Every line below is to be copied exactly, with the pictures left out.

[[ DATA SHOWN open ]]

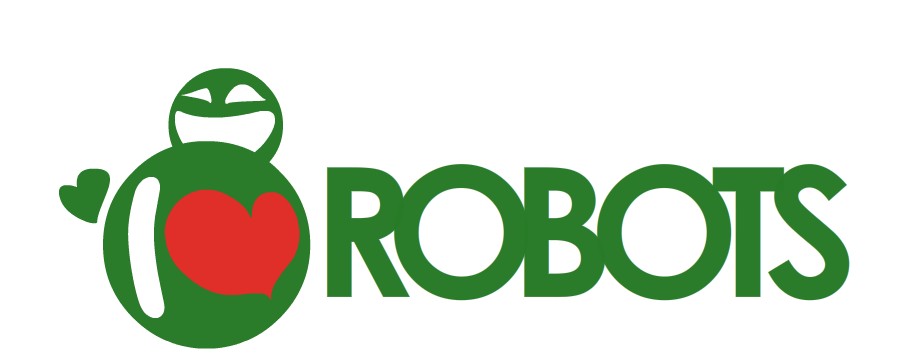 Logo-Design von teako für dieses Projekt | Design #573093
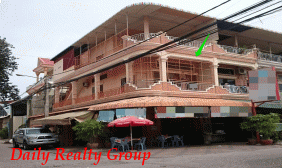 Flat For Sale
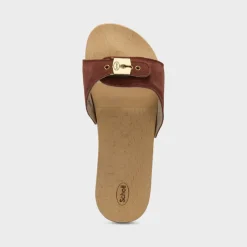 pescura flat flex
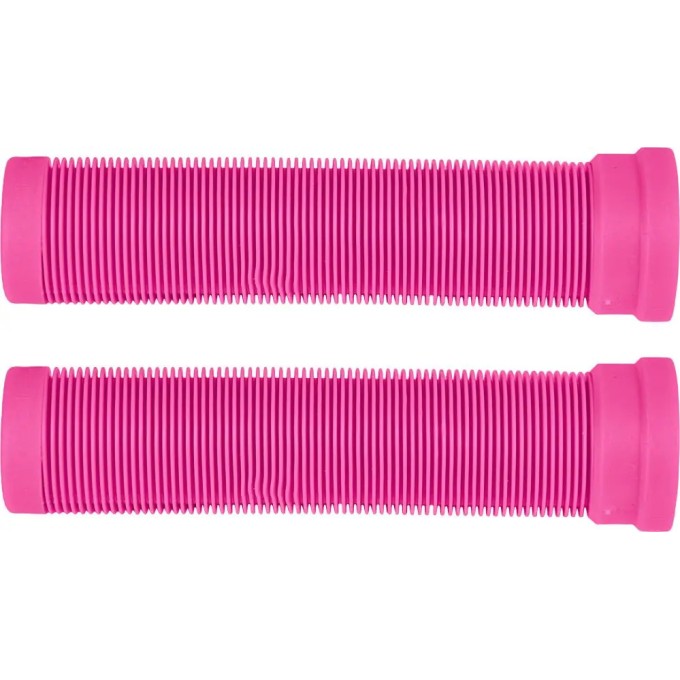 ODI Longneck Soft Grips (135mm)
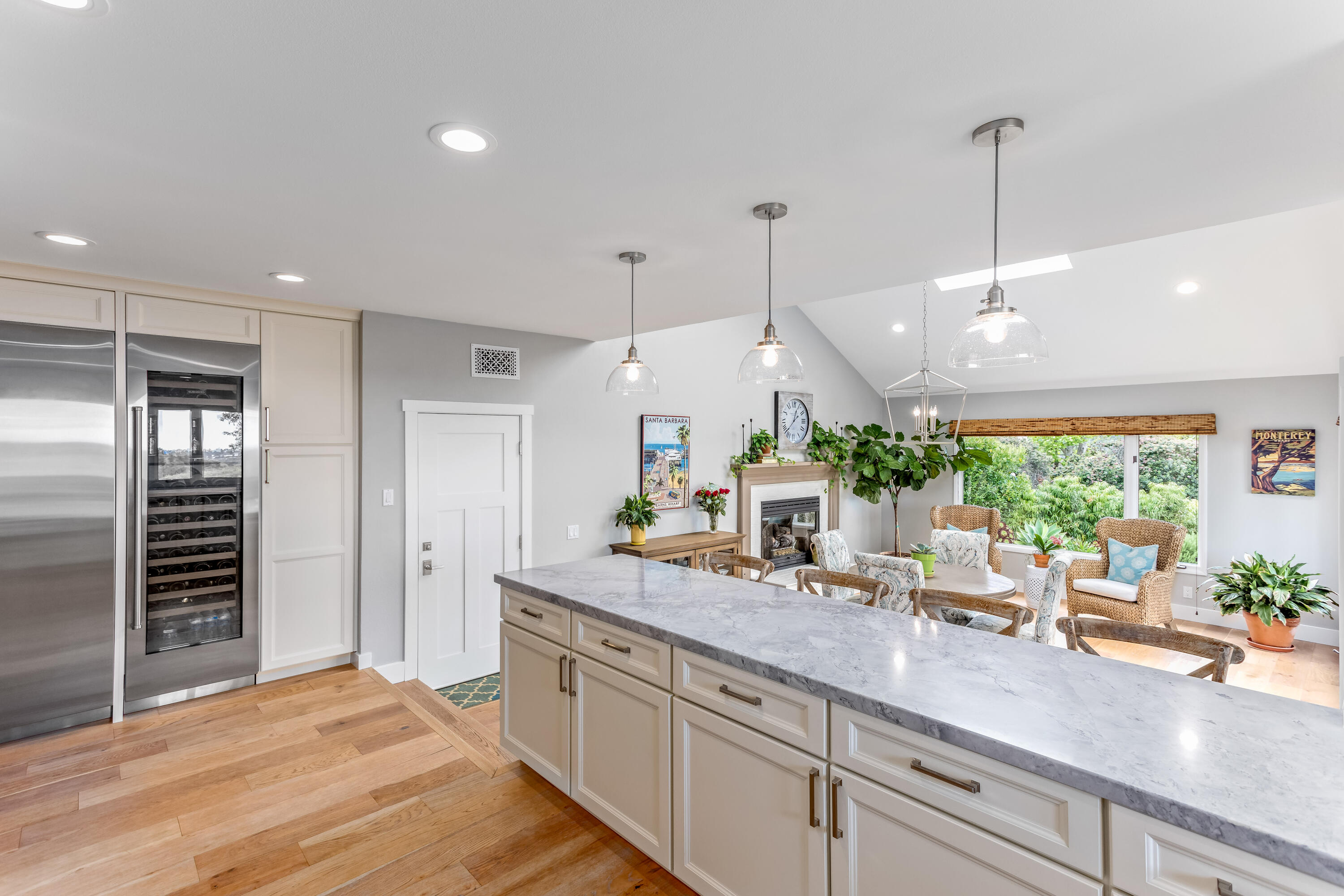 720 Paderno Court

[[ DATA SHOWN closed ]]

**WRITTEN SOLUTION**
 Logo-Design von teako für dieses Projekt | Design #573093
 Flat For Sale
 pescura flat flex
 ODI Longneck Soft Grips (135mm)
 720 Paderno Court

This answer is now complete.